The native seed and the mast plantings will provide critical food and breakout wildlife openings as a sustainable food source. The list of species to be used will include, Dolgo crabapple, standard root stock apple varieties, wild plum, black cherry, chokecherry, white oak, northern red oak, American hazelnut, black elderberry, highbush cranberry, nannyberry, serviceberry and some coniferous species (white spruce, eastern white pine, balsam fir, and northern white cedar), where applicable, for future cover. The match from the district totals $4,601 (31 percent). The total project value is $19,457.
Altogether, the grants will provide similar deer habitat improvements across the Upper Peninsula.

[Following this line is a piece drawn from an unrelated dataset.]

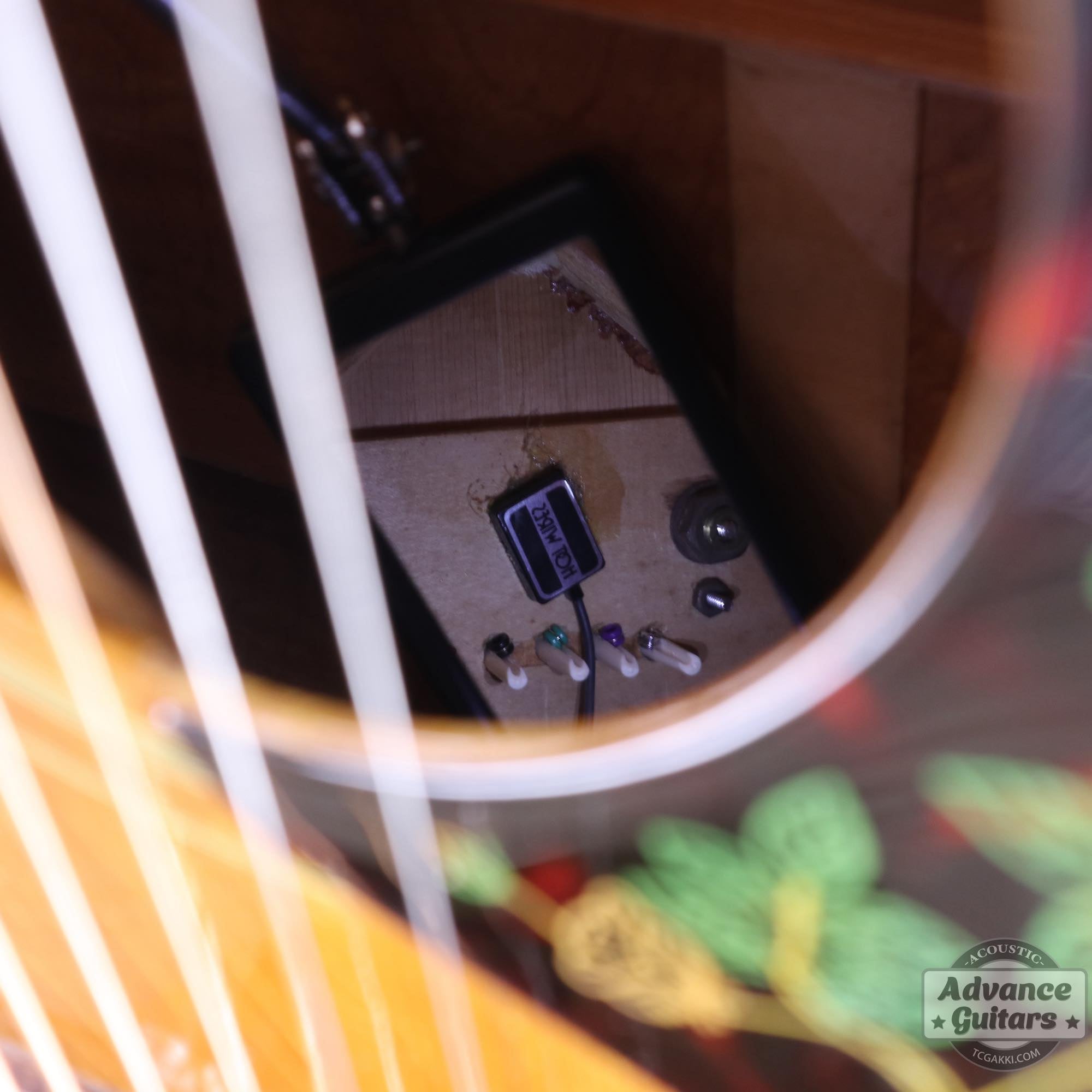 1964年製 Dove Natural - TC楽器 - TCGAKKI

“These grants will produce positive impacts in Marquette, Alger, Delta, Dickinson, Iron, Baraga, Ontonagon, Gogebic, Schoolcraft and Mackinac counties,” said Bill Scullon, DNR field operations manager and administrator for the grant initiative in a statement. “The planned match for the 12 grants is valued in excess of $79,000 (well in excess of the required 25%) further expanding the impact of the projects.”
The funding is being provided through the competitive Deer Habitat Improvement Partnership Initiative, which aims to improve deer habitat on non-state lands. The program has been designed to meet specific goals, including the creation of tangible deer habitat improvements, building long-term partnerships between external organizations and the DNR, and showcasing the benefits of each project to the public. The initiative has been running for 15 years and is supported by the Deer Range Improvement Program, which receives funding from deer hunting license revenue.
Over the years, the program has supported over 100 projects, with almost $1 million in funding available to partners in the Upper Peninsula. The program has benefitted hundreds of private landowners, covering thousands of acres and involving all 15 counties in the region.